À ses côtés, le ministre chinois des Affaires étrangères, Wang Yi, a dénoncé les dernières sanctions américaines annoncées à la veille de cette réunion contre la reprise en main de Hong Kong par Pékin et il a fulminé : « ce n’est pas comme cela que l’on accueille ses invités ».

L’équipe Biden qui reprochait à l’administration Trump son isolement sur la scène mondiale et une diplomatie à la fois véhémente et brouillonne, assure vouloir être plus méthodique pour « coopérer » face aux défis communs que sont le réchauffement climatique, la pandémie ou la non-prolifération nucléaire.

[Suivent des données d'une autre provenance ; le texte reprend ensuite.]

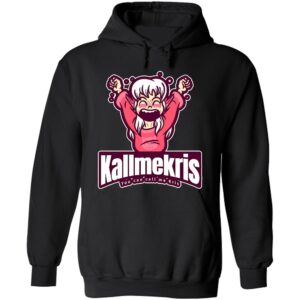 kallmekris merch kallmekris merch unisex hoodie sweatshirt hoodie (black, l)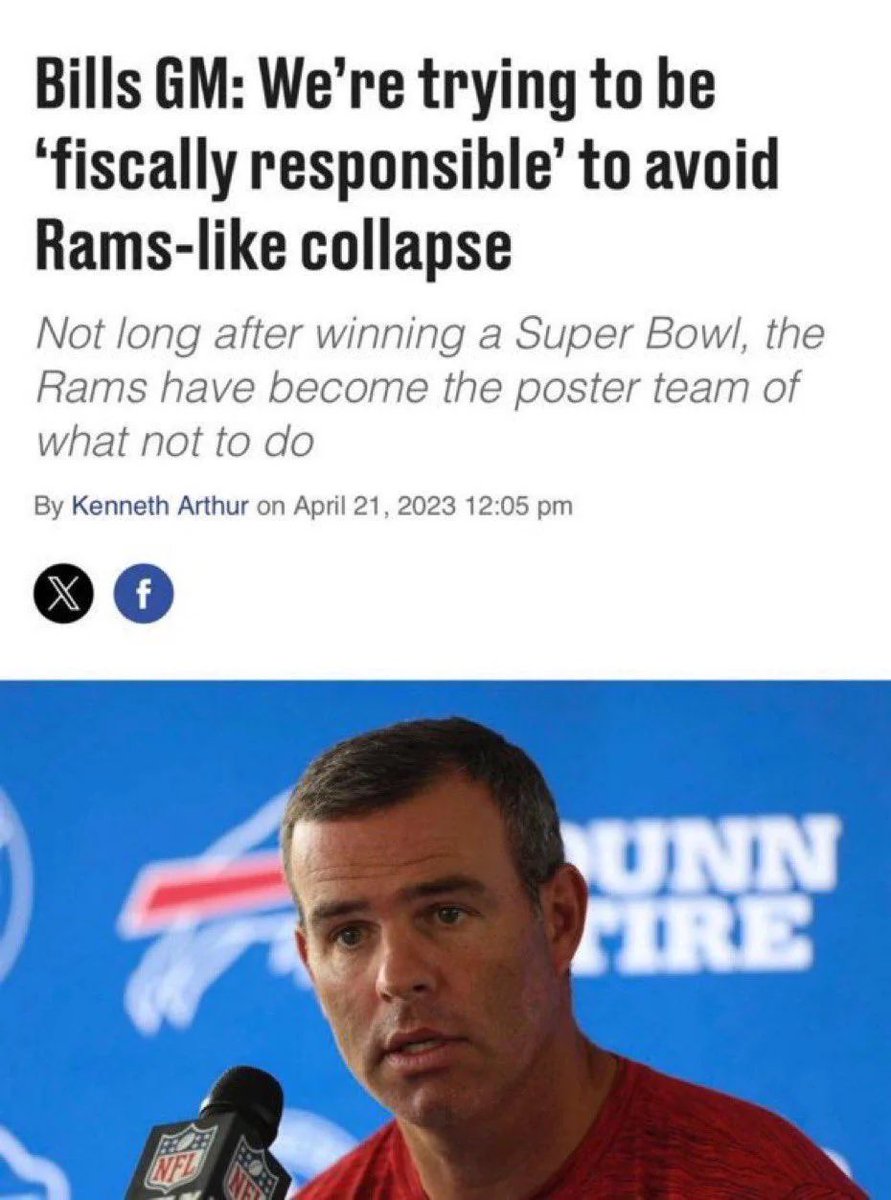 RamsBrothers's tweet image. .@BuffaloBills, congratulations. You’re the rightful owner of the worst GM in football.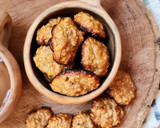 Foto del paso 3 de la receta: Galletas de avena, banana y mantequilla de maní 🥜 sin azúcar ni edulcorante 🍌 veganas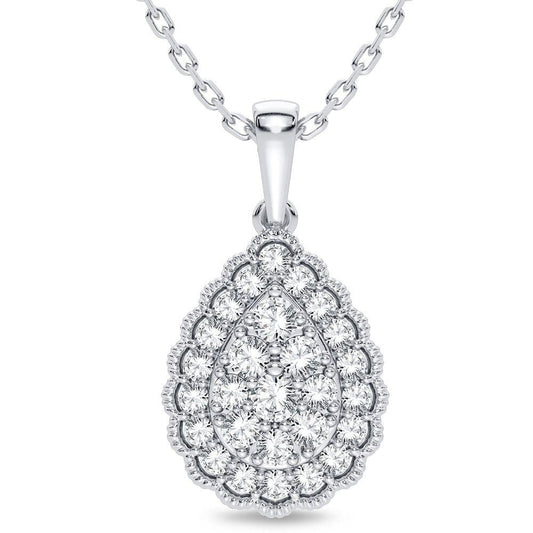 14K 0.33CT Diamond Pendant - Johnny Dang & Co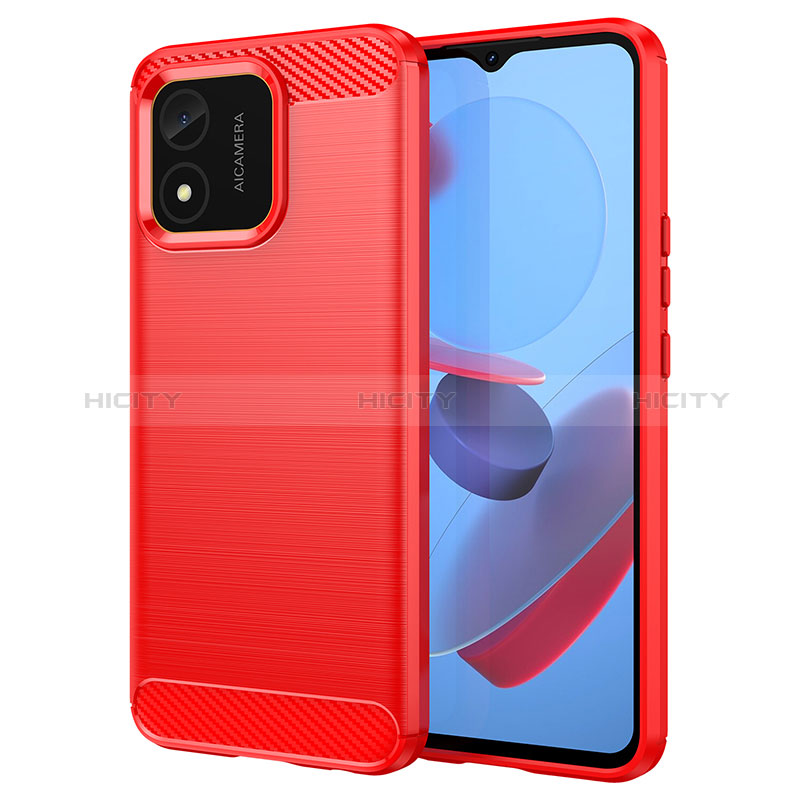 Funda Silicona Carcasa Goma Line para Huawei Honor X5 Rojo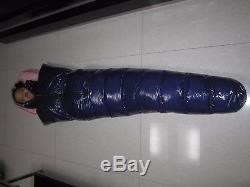 Shiny gloss wetlook nylon mermaid sleeping bag down mummy sleeping bags warm new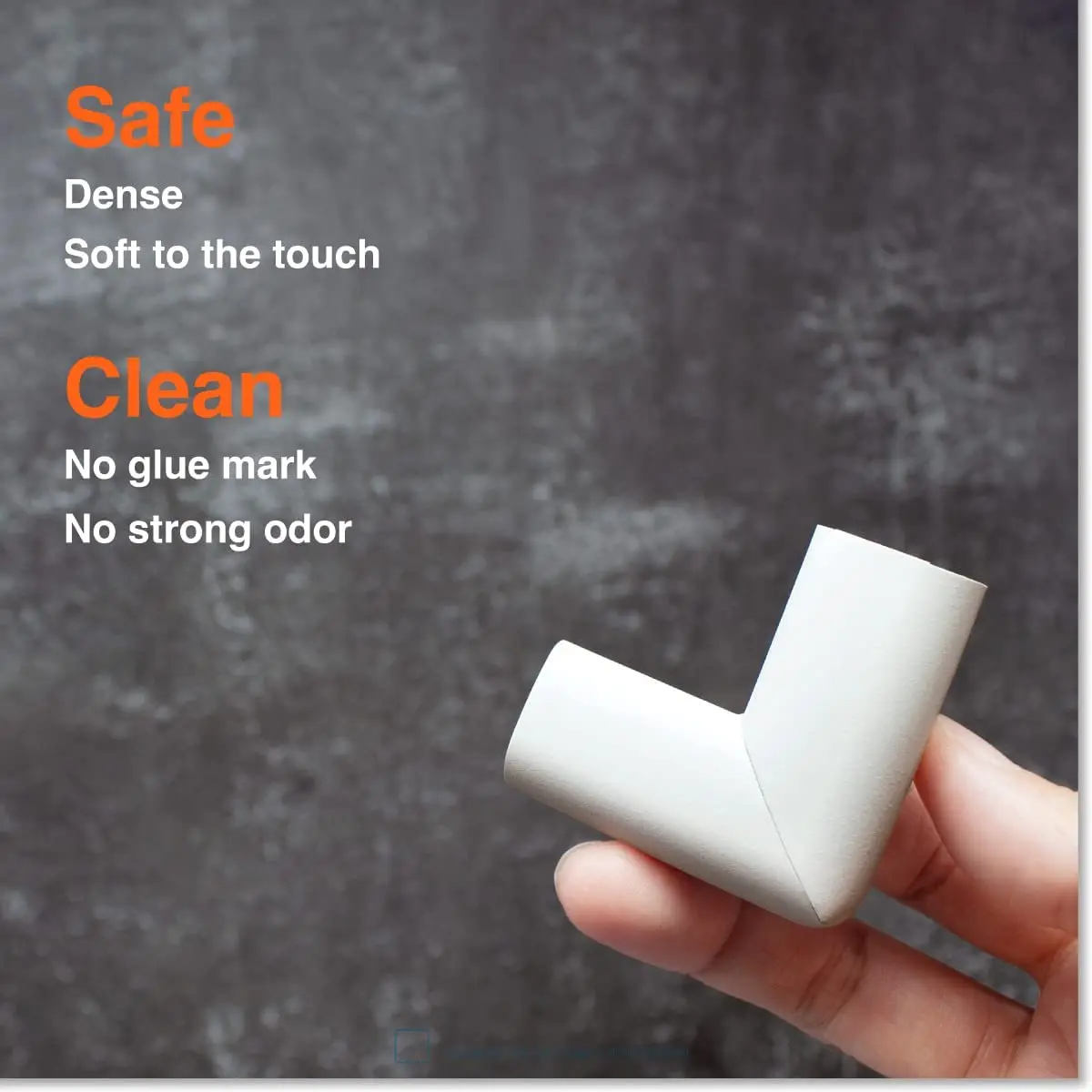 Cove Corner Edge Protector for Baby Proofing (Small 15ft Edge 4 Corners), Furniture Safety Bumper Guard, Soft Rubber Foam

Elle veut surtout remporter la compétition stratégique avec la Chine érigée en « plus grand défi géopolitique du XXIe siècle ».

Toutefois, le conseiller de la Maison Blanche pour la sécurité nationale, Jake Sullivan, a assuré que les États-Unis ne souhaitaient pas un « conflit » avec la Chine mais étaient « ouverts à une compétition rude ».
Yang Jiechi a lui appelé à « abandonner la mentalité de Guerre froide », affirmant aussi ne vouloir « ni confrontation, ni conflit ». Mais il a très longuement reproché aux États-Unis de vouloir « imposer leur propre démocratie dans le reste du monde ».
Antony Blinken a répliqué : « ce que j’entends [en Corée du Sud et au Japon où il venait d’effectuer une visite] est très différent de ce que vous décrivez […] J’entends une profonde satisfaction sur le retour des États-Unis auprès de nos alliés et partenaires, mais j’entends aussi de profondes inquiétudes au sujet de certaines actions de votre gouvernement ».

Il convient de rappeler qu’au premier rang des pays qui attire la ire de Joe Biden se trouve l’Iran et qu’il va sans doute saboter ce que Trump avait tenté de faire en Afghanistan.
À n’en pas douter, Biden est en train de faire ce qu’il avait annoncé : que les États-Unis redeviennent le leader du Monde libre en poussant (le mot est faible) ses membres à prendre leurs responsabilités (sinon, attention aux sanctions…). Mais cette montée des tensions a un prix : elle coupe le monde en deux (le « Monde libre » et les « autres »(1)) et il sera difficile d’éviter des incidents qui peuvent dégénérer dans les proportions inconnues.

1. Parfois, il est difficile de savoir dans quel camp se trouve tel ou tel pays : le Pakistan, l’Arabie saoudite, l’Égypte, etc.